During this past September's Toronto International Film Festival, after a full day of press interviews, VanCamp, 30, speaks of the film with something akin to devotion. "It was exactly what I needed creatively. Just coming off of the projects I had previously been doing – Captain America was right before, and we had just finished Revenge right before that … on many levels I felt a little bit burnt out and creatively like I was really missing something. I just needed that safe, intimate environment, and this movie was exactly that. It was the place where I was free to fail."

The actor describes the "feminine influence" that ran throughout Robichaud's process and her sense that Boundaries "felt meant-to-be and very blessed from the beginning."
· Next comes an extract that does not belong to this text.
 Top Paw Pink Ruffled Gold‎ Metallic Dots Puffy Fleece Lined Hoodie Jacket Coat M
"Having done a lot of television, there have been moments in my career where I've felt like I've needed to protect a performance or protect myself as an actor because I wasn't being guided in a way that felt was safe," VanCamp says. "After watching Sarah Prefers to Run and watching how Chloé works, and seeing the things she was getting out of me, I just thought, 'I can really surrender here.' … Some people have had the luxury of working with great directors from the very beginning and they have probably never known the other side of that – and I have." The opening moments of Boundaries state that it is based on a true story, though when I ask Robichaud, 28, how that is the case (a Google Earth search for Besco thankfully does not somehow produce a sovereign island off the coast of this country that I was unaware of), the director explains: "When I say it's 'based on real events' in a way it is true, because when I started writing the film I thought about social and political issues that are really happening right now in Canada, or Quebec, or elsewhere. So in a way I'm saying the film is happening somewhere in the world. These women are fiction, they are not real, but what they are living, some women really are living. We watch film, we watch a part of reality."
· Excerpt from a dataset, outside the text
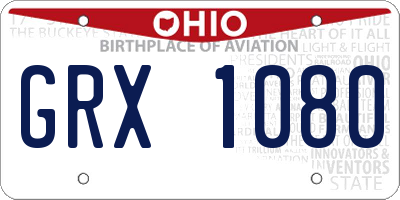 OH license plate GRX1080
The reality of Boundaries was dictated in part by a budget four times as large as it was for Sarah Prefers to Run and Robichaud's choice to cast VanCamp. Of the $4.2-million dollars she now had to play with, Robichaud wasn't sure if it changed anything "because my job is still the same. But I had the chance now to film in 35mm and to shoot in locations like Fogo Island." Despite the commonplace use of digital, Robichaud waxes poetic on the virtues of film. "It feels so magical shooting in film. Each day is really important because each day costs something, so everything is focused and detailed. The film is about this island that is sort of stuck in the past and wants to enter modernity … we had to shoot in film to get a sense of nostalgia."
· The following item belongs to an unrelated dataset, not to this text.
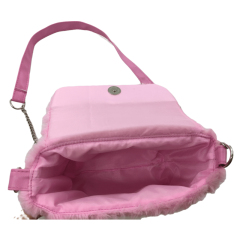 Popular Pink Faux Fur Shoulder Bags Crossbody Purse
VanCamp also speaks of Boundaries in terms of magic and the delicate alchemy that brought the project to life. "Everything just worked out, and I can't believe it, but I almost didn't do the movie because I was scared of the French," she confesses. Both actor and director insist that the other's command of language is stronger – each admitting their first few meetings were tentative because of their different mother tongues – but VanCamp says that Robichaud "was the brave one. She spoke to me in English first and then after our first conversation I said, 'The next time we speak I'm going to try to speak only in French.'" Originally from the English-speaking community of Port Perry, Ont., VanCamp was a French immersion student and describes her perfectionism as the blessing and curse that helped her revive her slumbering French. "When something scares you, it's a sign that you should probably do it, especially in this profession," she says.

Along these lines, I ask Robichaud if she would ever consider making a feature film in English – and she answers with a diplomacy that her own character Emily could admire. "Actually, yes, I have a project in mind, a feature. I don't know if it will be in the U.S. or where. It's something I want to do, but still my home is Montreal and I am French Canadian and I will always make French films," she says. "But for me, I don't think there are boundaries in a way, I just want to reach as many people as possible and to tell stories in every possible way."